Depois de uma semana pesada, marcada por desastres, onde
vidas foram tiradas e direitos, ameaçados, chega a sexta. O povo, já mais
conformado, esqueceu de Chapecó, do golpe (nossa, não é que era golpe?), do
aborto- ele é de novo só povo, sem maiores inquietações. Passamos de ativistas
pra trintões e quarentões cansados, que só querem no fim do dia uma o cervejinha
no bar. Sem lembrar que, certo e estatisticamente, o fim do dia acaba sendo o
fim para muita gente, também.
A morte, essa que é responsável por nos findar, é tão certa
quando o medo que temos dela. Somos criados para não lembrar que acabaremos-
planos são projeções futuras, o amanhã é sempre certo, velórios são só dos
outros. Somos cordiais ideais, e achamos que podemos evitar a morte se não
refletirmos sobre ela. E assim, disfarçada de vilã, nem vemos que é a própria,
essa aí da foice, que faz com que queiramos flores em nosso jardim.
Sem as sombrias tábuas da mortalidade talvez a faixa de
idade produtiva fosse outra. Talvez estagnaríamos- estar sempre por aqui é
nunca ser, e só estar. Se não envelhecêssemos não trabalharíamos para ter conforto
quando não mais termos disposição para outra coisa que não para a paz. Se nunca
partíssemos, não nos importaríamos em deixar flores em nosso lugar.

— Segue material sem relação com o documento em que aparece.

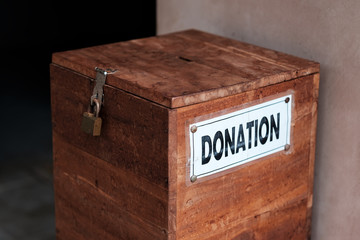 A box for donations in temple. Concept of positive social communication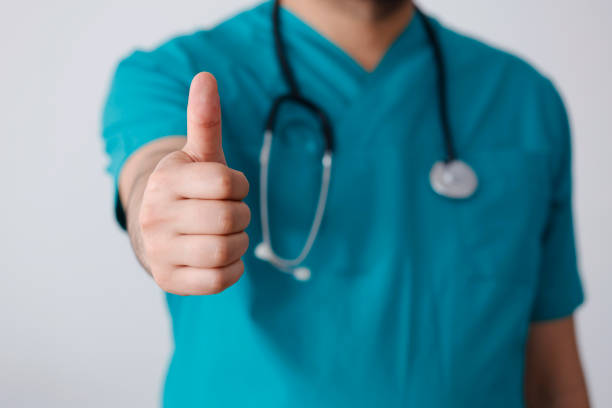 Doctor hand giving thumbs up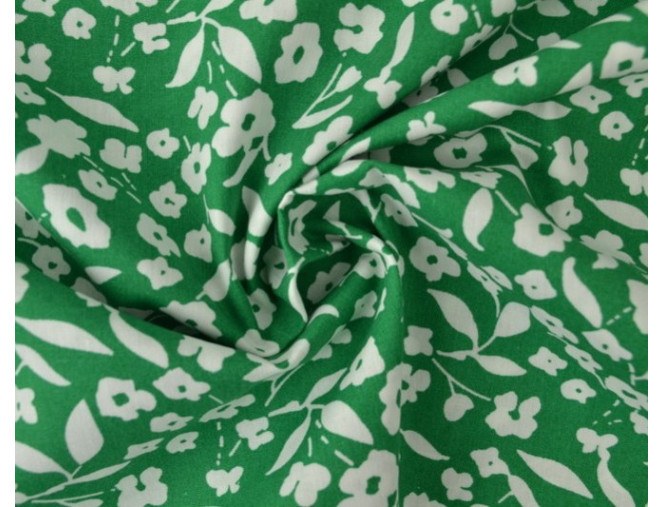 Medvilninis audinys Baltos gėlytės žaliame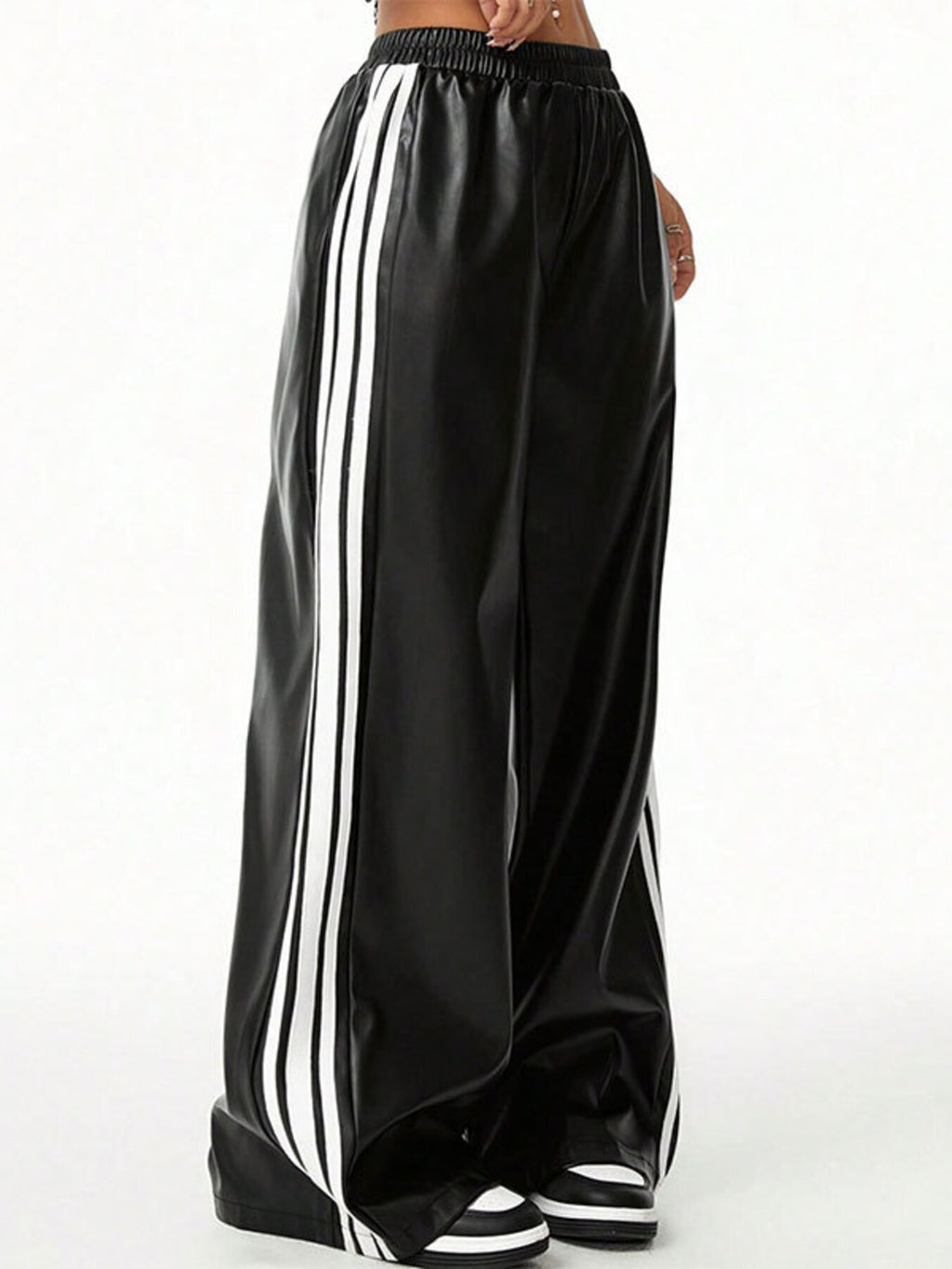 Striped wide-leg pants in black faux leather with white triple side stripes and elastic waistband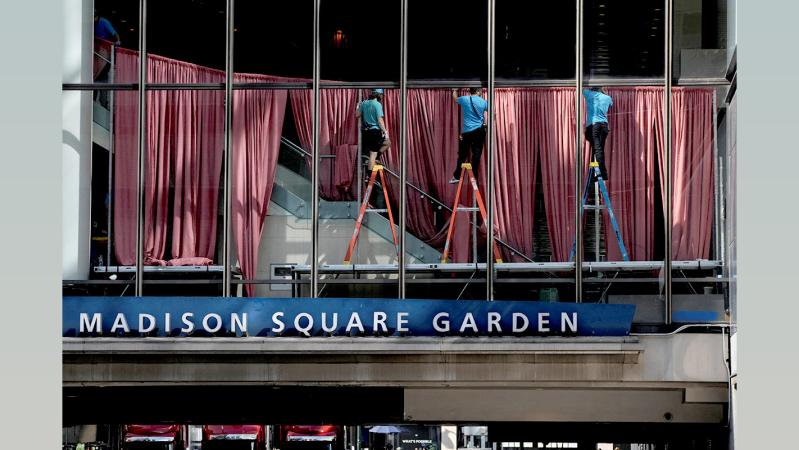 IMAGE: Workers at Madison Square Garden, ahead of Taylor Swift and Travis Kelce's wedding. Photograph: Christian Monterrosa/Reuters/ Rediff Archives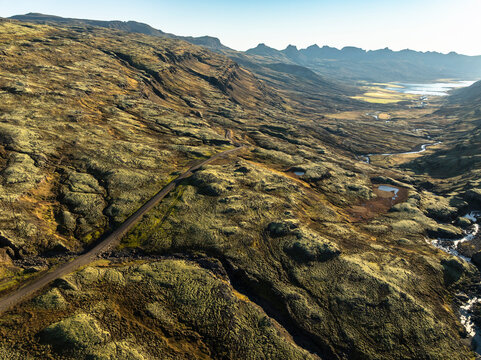 Aerial view of the scenery over a mountain range - Iceland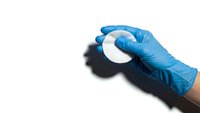 Hand in blue medical glove holding white petri dish for laboratory research and scientific testing on white background isolated for design use.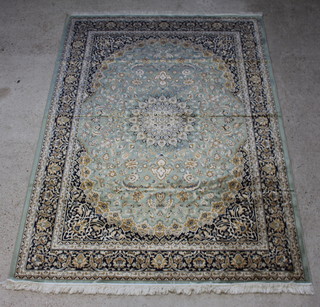 A green ground and floral pattern Kashan style Belgian cotton carpet with central medallion 280cm x 200cm 
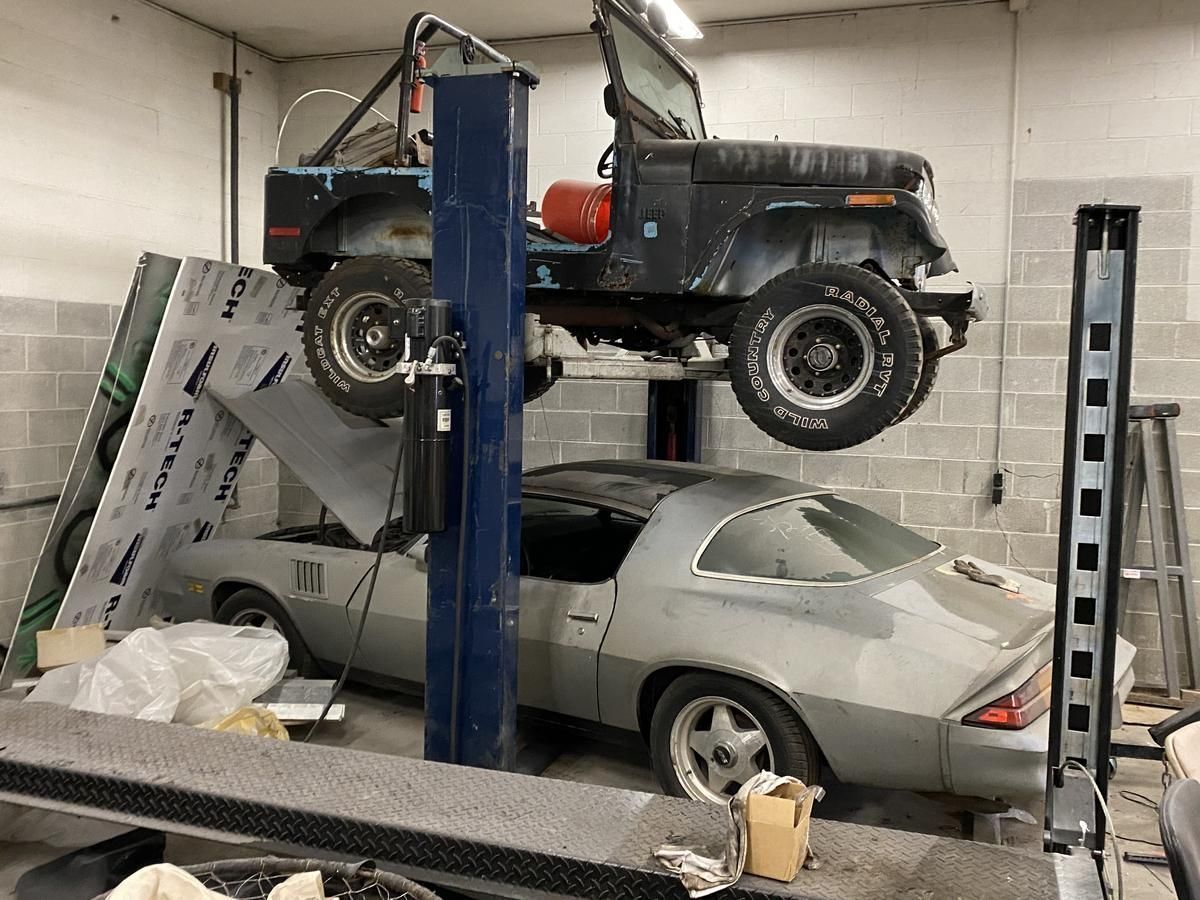 A jeep is sitting on top of a car on a lift.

Apesar de todo esse impulso velado, porém, somos ainda
condicionados a não olhar nos olhos do fim. E mesmo sabendo que ele é certo,
não conseguimos, mesmo nos noventa e poucos, visualiza-lo como próximo. A
morte, como os planos, é também só uma projeção futura- que acreditamos que pra
nós nunca vai se concretizar, porém. E quando ela chega cedo demais, às vezes
não estamos nem na metade.
Nem na metade dos sonhos. Nem na metade do que queremos ser.
Nem na metade daquele livro que você sofreu pra encontrar. Não por falta de
tempo- mas por achar que sempre o temos em excesso. Até pode ser que lembremos
de nossa finitude- mas ela está sempre longe demais para nos alcançar.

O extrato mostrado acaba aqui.